> _What the exercise asks_
Below are the entries; give again exactly the lines from the one mentioning "Aniqmas integral va integrallash usullari 3" through the one mentioning "Set di 2 comodini", inclusive.

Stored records
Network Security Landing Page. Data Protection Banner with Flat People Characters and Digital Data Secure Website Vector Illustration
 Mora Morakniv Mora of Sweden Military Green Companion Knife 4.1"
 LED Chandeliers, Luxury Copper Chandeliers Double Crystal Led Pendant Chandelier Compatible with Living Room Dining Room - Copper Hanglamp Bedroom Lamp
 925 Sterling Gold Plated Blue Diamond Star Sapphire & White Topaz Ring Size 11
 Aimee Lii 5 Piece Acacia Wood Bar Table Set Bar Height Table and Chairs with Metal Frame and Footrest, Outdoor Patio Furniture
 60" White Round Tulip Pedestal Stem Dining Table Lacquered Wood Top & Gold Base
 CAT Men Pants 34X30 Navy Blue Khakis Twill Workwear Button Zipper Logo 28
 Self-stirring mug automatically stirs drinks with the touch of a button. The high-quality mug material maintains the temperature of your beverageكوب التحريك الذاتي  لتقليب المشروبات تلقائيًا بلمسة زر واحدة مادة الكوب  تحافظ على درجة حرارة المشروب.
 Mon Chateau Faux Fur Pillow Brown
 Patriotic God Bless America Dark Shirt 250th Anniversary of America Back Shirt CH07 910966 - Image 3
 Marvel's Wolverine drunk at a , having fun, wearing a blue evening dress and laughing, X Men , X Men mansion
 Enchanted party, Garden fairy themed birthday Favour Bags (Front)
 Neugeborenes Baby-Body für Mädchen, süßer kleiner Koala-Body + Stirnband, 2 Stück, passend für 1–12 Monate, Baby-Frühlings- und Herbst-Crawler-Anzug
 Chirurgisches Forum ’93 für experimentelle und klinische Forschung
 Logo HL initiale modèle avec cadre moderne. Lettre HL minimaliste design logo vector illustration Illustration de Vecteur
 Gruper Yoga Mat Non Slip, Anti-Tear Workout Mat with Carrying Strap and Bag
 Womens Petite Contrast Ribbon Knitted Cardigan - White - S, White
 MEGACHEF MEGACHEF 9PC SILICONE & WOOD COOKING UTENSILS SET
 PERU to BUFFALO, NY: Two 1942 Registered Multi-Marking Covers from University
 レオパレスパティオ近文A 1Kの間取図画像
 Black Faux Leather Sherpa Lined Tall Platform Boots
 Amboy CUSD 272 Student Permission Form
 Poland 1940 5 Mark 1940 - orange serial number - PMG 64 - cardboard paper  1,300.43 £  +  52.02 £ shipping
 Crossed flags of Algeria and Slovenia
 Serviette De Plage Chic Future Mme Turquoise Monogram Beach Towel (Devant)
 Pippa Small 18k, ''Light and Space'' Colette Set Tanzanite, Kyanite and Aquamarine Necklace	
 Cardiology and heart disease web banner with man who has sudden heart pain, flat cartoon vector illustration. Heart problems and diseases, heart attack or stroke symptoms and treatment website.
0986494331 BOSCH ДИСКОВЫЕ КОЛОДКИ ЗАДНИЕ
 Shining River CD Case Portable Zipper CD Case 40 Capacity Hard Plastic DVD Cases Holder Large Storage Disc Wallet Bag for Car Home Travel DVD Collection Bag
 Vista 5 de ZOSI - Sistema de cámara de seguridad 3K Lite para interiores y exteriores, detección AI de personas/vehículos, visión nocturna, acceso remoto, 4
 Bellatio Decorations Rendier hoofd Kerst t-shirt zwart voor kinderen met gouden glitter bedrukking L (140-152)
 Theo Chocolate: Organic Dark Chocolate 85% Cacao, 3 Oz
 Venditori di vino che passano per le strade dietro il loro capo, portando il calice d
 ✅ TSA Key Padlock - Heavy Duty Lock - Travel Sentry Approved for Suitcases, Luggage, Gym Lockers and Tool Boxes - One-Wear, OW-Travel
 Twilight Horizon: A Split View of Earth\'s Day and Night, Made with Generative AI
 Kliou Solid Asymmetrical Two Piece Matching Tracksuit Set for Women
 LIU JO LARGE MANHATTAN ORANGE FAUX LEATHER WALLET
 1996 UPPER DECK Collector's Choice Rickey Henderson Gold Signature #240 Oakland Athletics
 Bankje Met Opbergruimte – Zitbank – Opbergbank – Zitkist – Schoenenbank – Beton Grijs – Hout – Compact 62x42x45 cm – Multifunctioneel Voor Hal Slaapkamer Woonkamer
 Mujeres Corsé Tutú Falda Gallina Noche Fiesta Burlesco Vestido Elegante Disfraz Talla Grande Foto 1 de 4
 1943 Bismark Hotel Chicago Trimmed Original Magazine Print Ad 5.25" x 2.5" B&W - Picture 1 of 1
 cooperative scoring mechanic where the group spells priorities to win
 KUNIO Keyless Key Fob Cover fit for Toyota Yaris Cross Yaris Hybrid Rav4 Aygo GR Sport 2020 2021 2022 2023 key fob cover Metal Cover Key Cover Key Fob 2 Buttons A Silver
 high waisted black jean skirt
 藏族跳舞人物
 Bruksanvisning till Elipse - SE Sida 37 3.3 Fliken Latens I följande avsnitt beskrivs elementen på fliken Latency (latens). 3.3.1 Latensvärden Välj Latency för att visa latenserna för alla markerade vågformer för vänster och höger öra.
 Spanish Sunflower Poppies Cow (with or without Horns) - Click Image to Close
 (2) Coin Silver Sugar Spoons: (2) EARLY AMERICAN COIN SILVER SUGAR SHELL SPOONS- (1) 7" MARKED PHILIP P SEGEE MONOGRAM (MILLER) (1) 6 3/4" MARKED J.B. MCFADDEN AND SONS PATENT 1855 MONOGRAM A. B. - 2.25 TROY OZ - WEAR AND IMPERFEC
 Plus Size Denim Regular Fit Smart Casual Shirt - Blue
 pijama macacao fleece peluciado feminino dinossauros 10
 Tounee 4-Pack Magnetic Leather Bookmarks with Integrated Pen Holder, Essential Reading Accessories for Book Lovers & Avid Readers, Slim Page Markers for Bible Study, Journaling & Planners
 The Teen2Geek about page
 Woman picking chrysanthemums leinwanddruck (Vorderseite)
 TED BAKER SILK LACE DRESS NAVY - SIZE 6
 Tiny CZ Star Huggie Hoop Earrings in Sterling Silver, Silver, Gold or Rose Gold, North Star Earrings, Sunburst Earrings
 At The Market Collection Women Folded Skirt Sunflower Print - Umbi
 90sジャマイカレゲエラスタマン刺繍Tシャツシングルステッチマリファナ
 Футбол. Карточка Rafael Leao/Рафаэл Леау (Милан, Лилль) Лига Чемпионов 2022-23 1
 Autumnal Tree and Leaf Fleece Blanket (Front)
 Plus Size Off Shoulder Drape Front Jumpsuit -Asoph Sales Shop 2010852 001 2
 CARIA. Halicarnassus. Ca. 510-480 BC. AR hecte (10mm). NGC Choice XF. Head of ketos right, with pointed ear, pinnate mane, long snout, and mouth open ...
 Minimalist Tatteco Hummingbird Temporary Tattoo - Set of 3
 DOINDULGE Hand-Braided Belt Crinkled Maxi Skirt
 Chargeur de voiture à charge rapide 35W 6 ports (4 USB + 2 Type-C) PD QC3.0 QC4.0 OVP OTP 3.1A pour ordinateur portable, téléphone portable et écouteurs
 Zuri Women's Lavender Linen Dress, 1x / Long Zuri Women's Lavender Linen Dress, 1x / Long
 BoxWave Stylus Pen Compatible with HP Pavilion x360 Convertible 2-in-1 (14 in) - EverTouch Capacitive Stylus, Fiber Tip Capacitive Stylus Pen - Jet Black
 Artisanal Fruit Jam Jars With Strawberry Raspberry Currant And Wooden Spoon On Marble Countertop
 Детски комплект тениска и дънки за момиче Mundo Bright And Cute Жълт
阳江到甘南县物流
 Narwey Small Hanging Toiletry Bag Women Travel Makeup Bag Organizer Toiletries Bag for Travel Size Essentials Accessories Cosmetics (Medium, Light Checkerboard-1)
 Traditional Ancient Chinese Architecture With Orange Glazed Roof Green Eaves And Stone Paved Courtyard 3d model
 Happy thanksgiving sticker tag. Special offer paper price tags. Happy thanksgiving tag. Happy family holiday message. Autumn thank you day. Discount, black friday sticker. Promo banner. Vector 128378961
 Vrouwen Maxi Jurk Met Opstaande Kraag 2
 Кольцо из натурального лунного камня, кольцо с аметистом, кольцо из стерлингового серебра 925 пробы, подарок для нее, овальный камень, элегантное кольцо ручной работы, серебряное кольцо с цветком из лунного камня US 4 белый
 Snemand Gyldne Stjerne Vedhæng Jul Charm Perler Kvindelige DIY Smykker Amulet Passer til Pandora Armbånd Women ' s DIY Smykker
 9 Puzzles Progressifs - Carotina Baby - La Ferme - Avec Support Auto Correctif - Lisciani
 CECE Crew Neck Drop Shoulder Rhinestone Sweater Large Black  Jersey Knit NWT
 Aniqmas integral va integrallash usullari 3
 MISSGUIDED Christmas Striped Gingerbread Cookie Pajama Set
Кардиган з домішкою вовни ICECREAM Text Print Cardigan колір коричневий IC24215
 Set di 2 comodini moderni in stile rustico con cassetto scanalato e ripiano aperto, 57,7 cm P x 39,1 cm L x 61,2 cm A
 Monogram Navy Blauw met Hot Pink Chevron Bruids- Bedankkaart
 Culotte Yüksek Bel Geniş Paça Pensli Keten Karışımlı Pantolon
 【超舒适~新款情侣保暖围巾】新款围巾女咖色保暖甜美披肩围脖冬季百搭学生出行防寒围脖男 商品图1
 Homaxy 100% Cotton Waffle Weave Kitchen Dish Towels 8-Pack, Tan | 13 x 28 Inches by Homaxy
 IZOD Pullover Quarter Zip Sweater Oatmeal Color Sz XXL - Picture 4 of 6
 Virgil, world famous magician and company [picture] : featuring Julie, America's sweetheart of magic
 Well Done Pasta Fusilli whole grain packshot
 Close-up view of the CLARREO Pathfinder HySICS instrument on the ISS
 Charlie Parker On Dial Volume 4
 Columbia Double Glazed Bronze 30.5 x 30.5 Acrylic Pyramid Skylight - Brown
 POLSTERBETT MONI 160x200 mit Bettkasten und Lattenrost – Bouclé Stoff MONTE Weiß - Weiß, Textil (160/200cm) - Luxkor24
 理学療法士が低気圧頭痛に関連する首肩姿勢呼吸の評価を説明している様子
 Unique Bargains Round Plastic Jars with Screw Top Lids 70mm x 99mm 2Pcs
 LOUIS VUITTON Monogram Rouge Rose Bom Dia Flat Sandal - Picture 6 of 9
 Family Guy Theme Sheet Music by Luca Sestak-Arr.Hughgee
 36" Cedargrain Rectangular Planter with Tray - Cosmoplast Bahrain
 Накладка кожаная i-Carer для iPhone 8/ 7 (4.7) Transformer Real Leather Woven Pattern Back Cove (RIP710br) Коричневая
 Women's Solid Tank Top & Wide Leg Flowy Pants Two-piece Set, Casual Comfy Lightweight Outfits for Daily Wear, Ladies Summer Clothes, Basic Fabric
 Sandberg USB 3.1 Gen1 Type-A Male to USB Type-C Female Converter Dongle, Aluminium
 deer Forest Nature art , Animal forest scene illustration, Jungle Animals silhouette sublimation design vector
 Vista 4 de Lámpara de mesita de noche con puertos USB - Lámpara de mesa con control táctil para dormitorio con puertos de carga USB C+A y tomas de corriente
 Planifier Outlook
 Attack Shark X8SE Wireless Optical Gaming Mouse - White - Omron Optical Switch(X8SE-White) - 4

> _Written answer_
 Aniqmas integral va integrallash usullari 3
 MISSGUIDED Christmas Striped Gingerbread Cookie Pajama Set
Кардиган з домішкою вовни ICECREAM Text Print Cardigan колір коричневий IC24215
 Set di 2 comodini moderni in stile rustico con cassetto scanalato e ripiano aperto, 57,7 cm P x 39,1 cm L x 61,2 cm A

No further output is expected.